America Invents Act (H.R. 1249) – Patent Reform Promotes American Innovation and Creates Jobs
From: The Committee on the Judiciary
Bill: H.R. 1249
On April 14, 2011, the House Judiciary Committee reported H.R. 1249, the “America Invents Act,” by a vote of 32-3. The Committee vote comes on the heels of the Senate’s passage of a similar measure, S. 23, by a vote of 95-5. As we continue to build on that strong momentum for final passage of the bill, I wanted to bring to your attention two items. First is a letter of support from Louis Foreman, a prolific independent inventor, on why the positive reforms that the bill makes will be good for independent inventors and small business. Second is a paper that discusses the constitutional underpinnings of our patent system and reform.
In 2005 I wrote the initial patent reform bill to address the problem of “trolls” who sue both large and small companies to extract patent licenses or large jury awards. Trolls typically own weak patents that they will never commercialize. Their goal is to get rich the old-fashion way – by suing. Our founding fathers would be appalled to see how our patent system is being misused. Our nation’s patent system should not be designed to promote legal gamesmanship and facilitate or protect the issuance of weak or overly broad patents.
The America Invents Act has been expressly designed to correct these problems and encourage innovation and promote job creation. The Act reduces the costs of frivolous litigation, increases patent certainty and promotes the creation of American jobs. The Act includes provisions that will bring manufacturing jobs back to the United States; it encourages University research and commercialization, boosting our education system; and it includes provisions that create less expensive alternative legal forums at the USPTO that will reduce the costs of frivolous litigation on job creators. The Act addresses the fundamental question that what is good for American innovators and innovative industries will ultimately be a good deal for all Americans.
As with any comprehensive reform package that involves a broad group of stakeholders and constituencies, there are always a few critics. These folks have questioned whether patent reform is constitutional. Well, let me answer that question directly – the America Invents Act is absolutely constitutional. The America Invents Act is not only constitutional, but it is based directly on the authority granted in Article 1, Section 8, Clause 8. It is, at its core, designed to return the American patent system to one that achieves the constitutional imperative of promoting the progress of science and the useful arts. Also, those who claim that any change to the Patent Act is unconstitutional ignore that the Act was originally written in 1790 and has been continually amended on a number of occasions ever since.
Some folks have taken specific issue with the constitutionality of a move to a First-Inventor-to-File system. Here it really is worth noting that early American patent law – that of our Founders’ generation – operated under a very similar system, a First-Inventor-to-Register system.

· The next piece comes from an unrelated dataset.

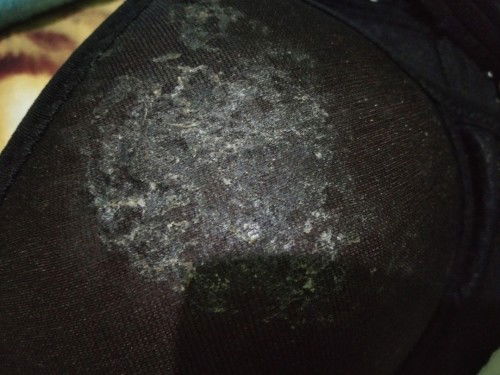 Payudara gatal dan mengelupas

This bill in fact returns us, in some respect, to a system that our Founders created and used. This system rewards the first inventor who independently conceives of the invention, reduces it to practice and enters the PTO application process. The America Invents Act eliminates costly interference proceedings where independent inventors almost always lose, and makes the system less complicated and fairer.
The patent reform journey has gone through four Congresses and dozens of hearings and several different bill iterations. I hope that you will now join me as we bring patent reform to the floor. And I hope that you will agree that the “America Invents Act” will create a better patent system than exists today for inventors and innovative industries, helping to ensure America’s continued economic prosperity and technological leadership.